Start of DATA EXTRACT
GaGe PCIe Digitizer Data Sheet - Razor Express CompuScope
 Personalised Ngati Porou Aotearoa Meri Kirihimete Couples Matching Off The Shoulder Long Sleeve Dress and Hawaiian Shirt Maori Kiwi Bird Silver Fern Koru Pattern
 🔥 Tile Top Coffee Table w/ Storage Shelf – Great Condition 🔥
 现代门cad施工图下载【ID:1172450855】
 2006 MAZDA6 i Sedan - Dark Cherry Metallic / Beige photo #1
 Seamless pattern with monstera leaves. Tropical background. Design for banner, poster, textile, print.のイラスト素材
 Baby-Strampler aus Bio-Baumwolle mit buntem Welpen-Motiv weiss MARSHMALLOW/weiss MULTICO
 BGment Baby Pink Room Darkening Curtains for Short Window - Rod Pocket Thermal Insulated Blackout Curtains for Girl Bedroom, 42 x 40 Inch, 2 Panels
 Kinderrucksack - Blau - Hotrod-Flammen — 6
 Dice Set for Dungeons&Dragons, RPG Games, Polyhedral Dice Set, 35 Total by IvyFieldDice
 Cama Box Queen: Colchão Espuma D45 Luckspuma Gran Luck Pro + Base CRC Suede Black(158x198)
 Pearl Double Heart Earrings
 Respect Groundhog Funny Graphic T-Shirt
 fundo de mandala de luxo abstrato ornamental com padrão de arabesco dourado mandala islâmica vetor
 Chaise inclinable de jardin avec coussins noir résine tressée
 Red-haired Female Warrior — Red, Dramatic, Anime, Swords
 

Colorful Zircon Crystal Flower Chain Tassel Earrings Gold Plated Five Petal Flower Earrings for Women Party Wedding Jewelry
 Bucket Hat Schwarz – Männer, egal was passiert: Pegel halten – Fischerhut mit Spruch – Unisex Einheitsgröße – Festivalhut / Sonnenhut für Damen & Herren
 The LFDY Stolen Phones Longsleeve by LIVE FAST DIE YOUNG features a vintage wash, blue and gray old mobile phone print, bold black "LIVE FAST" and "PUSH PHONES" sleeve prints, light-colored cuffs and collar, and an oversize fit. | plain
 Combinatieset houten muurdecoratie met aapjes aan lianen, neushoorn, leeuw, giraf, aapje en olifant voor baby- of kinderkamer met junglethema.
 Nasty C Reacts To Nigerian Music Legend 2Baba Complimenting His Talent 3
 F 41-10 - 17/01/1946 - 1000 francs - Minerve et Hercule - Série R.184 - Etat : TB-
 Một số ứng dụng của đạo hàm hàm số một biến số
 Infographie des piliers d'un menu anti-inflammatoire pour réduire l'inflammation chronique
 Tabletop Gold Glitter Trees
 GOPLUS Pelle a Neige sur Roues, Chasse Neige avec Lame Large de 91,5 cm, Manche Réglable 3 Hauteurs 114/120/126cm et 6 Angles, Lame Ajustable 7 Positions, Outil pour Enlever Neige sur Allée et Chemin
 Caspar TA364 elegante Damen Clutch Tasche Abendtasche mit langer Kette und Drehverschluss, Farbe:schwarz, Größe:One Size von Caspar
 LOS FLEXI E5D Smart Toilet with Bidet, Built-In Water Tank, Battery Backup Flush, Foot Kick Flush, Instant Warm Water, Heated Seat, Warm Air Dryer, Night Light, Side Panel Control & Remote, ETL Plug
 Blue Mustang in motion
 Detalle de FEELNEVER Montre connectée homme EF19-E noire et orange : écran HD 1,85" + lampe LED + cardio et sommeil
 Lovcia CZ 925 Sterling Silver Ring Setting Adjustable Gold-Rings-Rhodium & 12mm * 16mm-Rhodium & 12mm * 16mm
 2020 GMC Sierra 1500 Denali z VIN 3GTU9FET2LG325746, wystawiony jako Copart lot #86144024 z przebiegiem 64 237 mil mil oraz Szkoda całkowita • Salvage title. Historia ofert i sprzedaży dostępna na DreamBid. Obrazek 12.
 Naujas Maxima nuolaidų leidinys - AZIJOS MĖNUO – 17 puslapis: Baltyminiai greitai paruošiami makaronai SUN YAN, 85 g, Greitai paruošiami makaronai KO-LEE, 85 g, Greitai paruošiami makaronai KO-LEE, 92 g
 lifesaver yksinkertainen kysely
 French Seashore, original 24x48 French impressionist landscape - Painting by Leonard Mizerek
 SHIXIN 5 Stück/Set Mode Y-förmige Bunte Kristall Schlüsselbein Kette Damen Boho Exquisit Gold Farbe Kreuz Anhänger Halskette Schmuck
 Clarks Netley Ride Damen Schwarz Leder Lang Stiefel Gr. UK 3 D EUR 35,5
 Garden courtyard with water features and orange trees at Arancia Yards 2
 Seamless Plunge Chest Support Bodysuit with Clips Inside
End of DATA EXTRACT
> **TASK DESCRIPTION**
Recite the full listing above exactly.

> **ANSWER SPACE**
GaGe PCIe Digitizer Data Sheet - Razor Express CompuScope
 Personalised Ngati Porou Aotearoa Meri Kirihimete Couples Matching Off The Shoulder Long Sleeve Dress and Hawaiian Shirt Maori Kiwi Bird Silver Fern Koru Pattern
 🔥 Tile Top Coffee Table w/ Storage Shelf – Great Condition 🔥
 现代门cad施工图下载【ID:1172450855】
 2006 MAZDA6 i Sedan - Dark Cherry Metallic / Beige photo #1
 Seamless pattern with monstera leaves. Tropical background. Design for banner, poster, textile, print.のイラスト素材
 Baby-Strampler aus Bio-Baumwolle mit buntem Welpen-Motiv weiss MARSHMALLOW/weiss MULTICO
 BGment Baby Pink Room Darkening Curtains for Short Window - Rod Pocket Thermal Insulated Blackout Curtains for Girl Bedroom, 42 x 40 Inch, 2 Panels
 Kinderrucksack - Blau - Hotrod-Flammen — 6
 Dice Set for Dungeons&Dragons, RPG Games, Polyhedral Dice Set, 35 Total by IvyFieldDice
 Cama Box Queen: Colchão Espuma D45 Luckspuma Gran Luck Pro + Base CRC Suede Black(158x198)
 Pearl Double Heart Earrings
 Respect Groundhog Funny Graphic T-Shirt
 fundo de mandala de luxo abstrato ornamental com padrão de arabesco dourado mandala islâmica vetor
 Chaise inclinable de jardin avec coussins noir résine tressée
 Red-haired Female Warrior — Red, Dramatic, Anime, Swords
 

Colorful Zircon Crystal Flower Chain Tassel Earrings Gold Plated Five Petal Flower Earrings for Women Party Wedding Jewelry
 Bucket Hat Schwarz – Männer, egal was passiert: Pegel halten – Fischerhut mit Spruch – Unisex Einheitsgröße – Festivalhut / Sonnenhut für Damen & Herren
 The LFDY Stolen Phones Longsleeve by LIVE FAST DIE YOUNG features a vintage wash, blue and gray old mobile phone print, bold black "LIVE FAST" and "PUSH PHONES" sleeve prints, light-colored cuffs and collar, and an oversize fit. | plain
 Combinatieset houten muurdecoratie met aapjes aan lianen, neushoorn, leeuw, giraf, aapje en olifant voor baby- of kinderkamer met junglethema.
 Nasty C Reacts To Nigerian Music Legend 2Baba Complimenting His Talent 3
 F 41-10 - 17/01/1946 - 1000 francs - Minerve et Hercule - Série R.184 - Etat : TB-
 Một số ứng dụng của đạo hàm hàm số một biến số
 Infographie des piliers d'un menu anti-inflammatoire pour réduire l'inflammation chronique
 Tabletop Gold Glitter Trees
 GOPLUS Pelle a Neige sur Roues, Chasse Neige avec Lame Large de 91,5 cm, Manche Réglable 3 Hauteurs 114/120/126cm et 6 Angles, Lame Ajustable 7 Positions, Outil pour Enlever Neige sur Allée et Chemin
 Caspar TA364 elegante Damen Clutch Tasche Abendtasche mit langer Kette und Drehverschluss, Farbe:schwarz, Größe:One Size von Caspar
 LOS FLEXI E5D Smart Toilet with Bidet, Built-In Water Tank, Battery Backup Flush, Foot Kick Flush, Instant Warm Water, Heated Seat, Warm Air Dryer, Night Light, Side Panel Control & Remote, ETL Plug
 Blue Mustang in motion
 Detalle de FEELNEVER Montre connectée homme EF19-E noire et orange : écran HD 1,85" + lampe LED + cardio et sommeil
 Lovcia CZ 925 Sterling Silver Ring Setting Adjustable Gold-Rings-Rhodium & 12mm * 16mm-Rhodium & 12mm * 16mm
 2020 GMC Sierra 1500 Denali z VIN 3GTU9FET2LG325746, wystawiony jako Copart lot #86144024 z przebiegiem 64 237 mil mil oraz Szkoda całkowita • Salvage title. Historia ofert i sprzedaży dostępna na DreamBid. Obrazek 12.
 Naujas Maxima nuolaidų leidinys - AZIJOS MĖNUO – 17 puslapis: Baltyminiai greitai paruošiami makaronai SUN YAN, 85 g, Greitai paruošiami makaronai KO-LEE, 85 g, Greitai paruošiami makaronai KO-LEE, 92 g
 lifesaver yksinkertainen kysely
 French Seashore, original 24x48 French impressionist landscape - Painting by Leonard Mizerek
 SHIXIN 5 Stück/Set Mode Y-förmige Bunte Kristall Schlüsselbein Kette Damen Boho Exquisit Gold Farbe Kreuz Anhänger Halskette Schmuck
 Clarks Netley Ride Damen Schwarz Leder Lang Stiefel Gr. UK 3 D EUR 35,5
 Garden courtyard with water features and orange trees at Arancia Yards 2
 Seamless Plunge Chest Support Bodysuit with Clips Inside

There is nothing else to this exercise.